PREGA CUTÂNEA TRICIPTAL (mm) 
PREGA CUTÂNEA BICIPTAL (mm) 
PREGA CUTÂNEA 
SUBESCAPULAR(mm) 
 
PREGA CUTÂNEA SUPRAILÍACA(mm) 
% DE GORDURA 
 
Exames laboratoriais 
EXAMES 
BIOQUÍMICOS 
VALOR DE 
REFERÊNCIA 
Data Data Data Interpretação 
Hemoglobina 
Hematócrito 
Leucócitos 
Uréia 
Creatinina 
TGO (AST) 
TGP (ALT) 
Glicose 
Colesterol total 
Colesterol HDL 
Colesterol LDL 
Colesterol VLDL 
Triglicerídeos 
Proteína total 
Albumina 
PCR 
Outros 
 
OBS.: Interpretar, resumidamente, os dados bioquímicos obtidos do paciente. 
 
Diagnóstico clinico- nutricional 
Realizar diagnóstico nutricional, segundo dados clínicos, antropométricos, 
bioquímicos e dietéticos observados.
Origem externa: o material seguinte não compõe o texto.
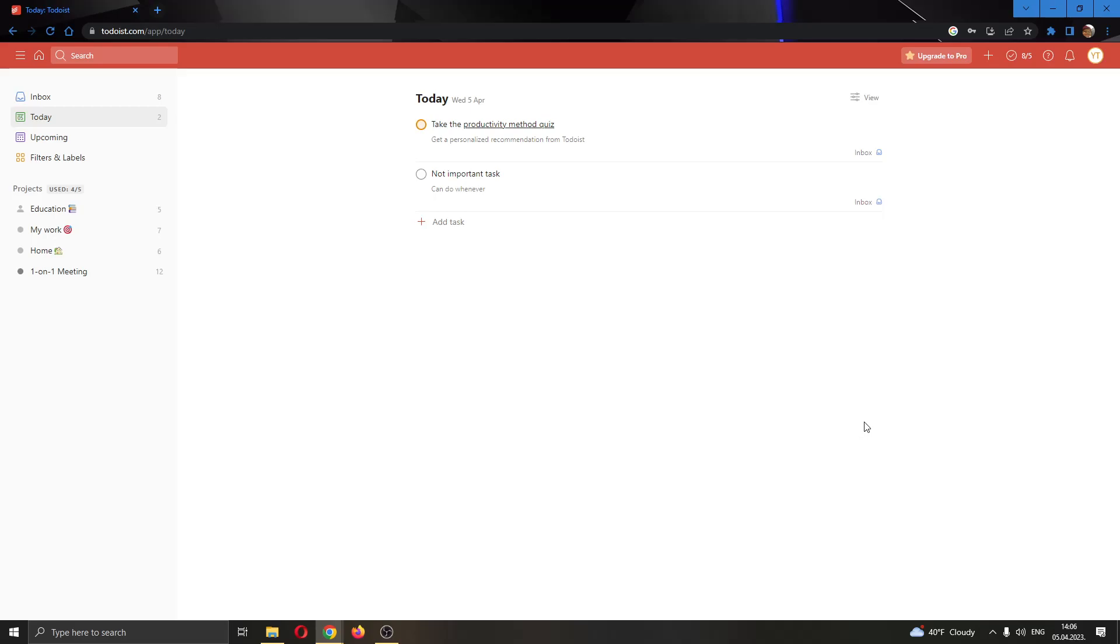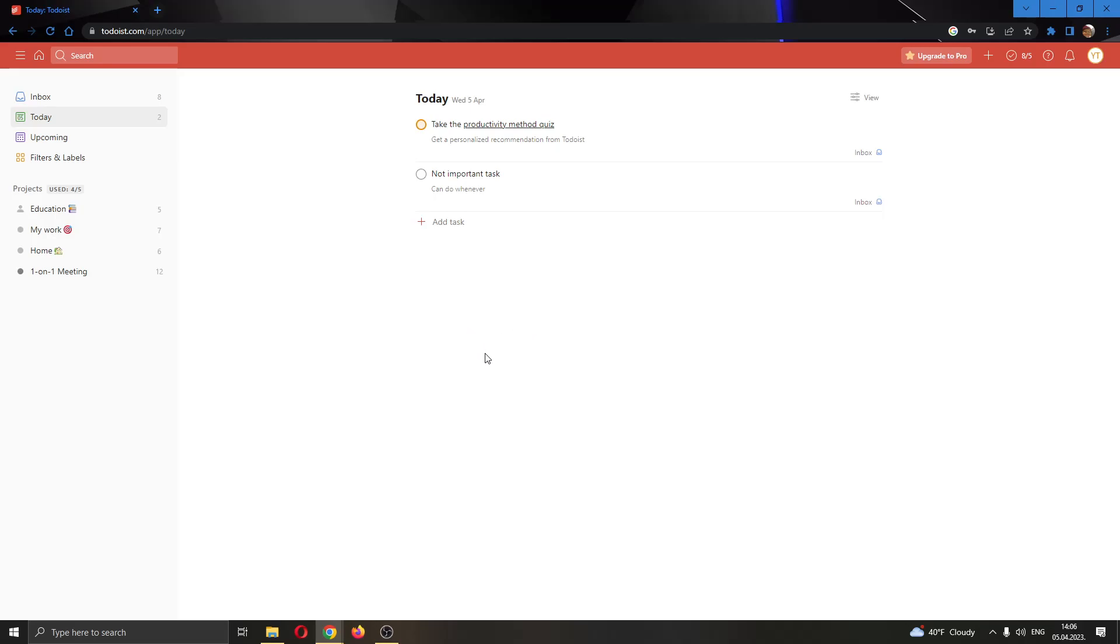Hey everybody, what's up and welcome back to today's video. Today I'll be showing you how to share your tasks in Todoist. Make sure to watch this quick and easy video to the very end and follow my steps correctly so you can make sure this works the same for you. Let's get straight into it.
Descrever um pouco da fisiopatologia da 
doença de base correlacionando com os dados encontrados no paciente. 
 
Prescrição dietética 
A prescrição dietética deve ser elaborada com base nas diretrizes 
estabelecidas no diagnóstico nutricional e patologia, e devem constar 
informações sobre: 
I. Via e método de administração(citar referência utilizada). 
II. Características da dieta 
III. Recomendações do Valor Energético Total (VET) (citar referência 
utilizada). 
IV. Recomendação de macronutrientes, e de micronutrientes 
específicos(citar referência utilizada). 
V. Consistência 
VI. Fracionamento 
VII. Cardápio qualitativo e quantitativo 
VIII. Adequação de macronutrientes e micronutrientesespecíficos. 
 
Evolução clínico-nutricional 
 Relatar brevemente a evolução nutricional associada à evolução clinica, 
desde a admissão ao término do rodízio. 
 
Orientação de alta hospitalar 
OBS: caso paciente não tenha alta hospitalar, elaborar orientação "fictícia" 
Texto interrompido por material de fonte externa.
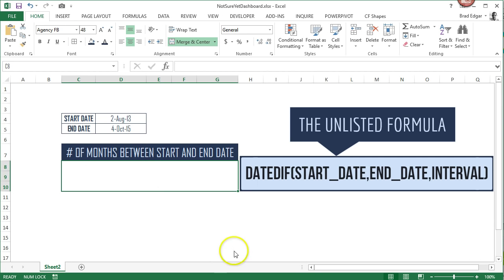So you'll see over to the right here, we have the DATEDIF and we have start date, comma, end date, and then the interval. So the interval would be years, months, or days, of course.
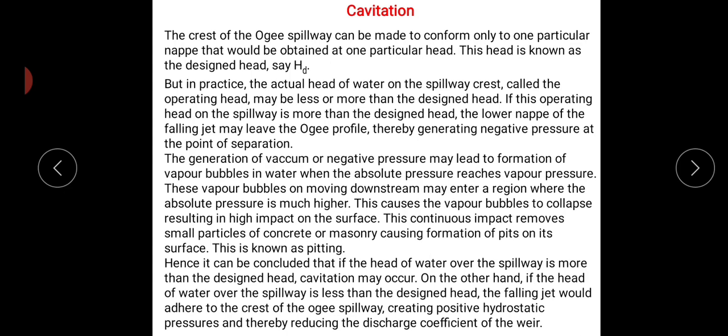On the other hand, if the head of water over the spillway is less than the design head, the falling jet adheres to the crest of the ogee spillway, creating positive hydrostatic pressure and thereby reducing the discharge coefficient of the weir. Today's question is: for fixing the profile of the spillway, what is the main criteria used?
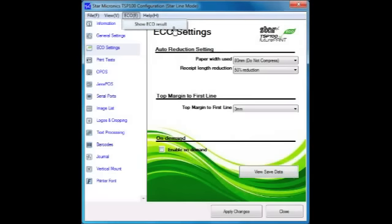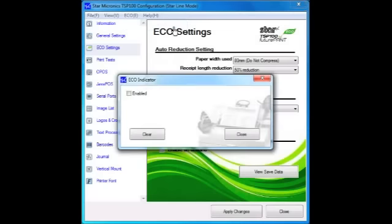Click Eco in the top menu bar and then Show Eco Results to view how much paper was saved in direct relation to these settings.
baseada na prescrição dietética atual do paciente. 
 
CONCLUSÃO 
Fazer uma avaliação sobre o estágio 
 
ANÁLISE AUTO REFLEXIVA 
a) O que fiz? 
b) Que dúvidas eu tive? 
c) O que foi bom no estágio? 
d) O que precisa ser melhorado no estágio? 
e) De que forma minha postura/atitudes facilitaram ou dificultaram meu 
estágio? 
f) O que deixei de fazer? 
 
ANEXO 
Anexar atividades extras desenvolvidas no estágio: planfletos 
informativos, casos clínicos desenvolvidos, etc. 
 
Reunião Clínica Final 
Ao final do período do estágio os alunos deverão participar de reunião 
clínica, onde cada aluno levará o caso clínico desenvolvido durante o estágio 
para discussão com os demais alunos e professor da disciplina. Dessa forma, 
serão discutidas formas de avaliação, diagnóstico e conduta nutricional 
adequada para cada caso, bem como a experiência vivida por cada aluno em 
seu local de estágio, podendo assim, os demais alunos entenderam a realidade 
dos cuidados nutricionais em cada hospital ou serviço.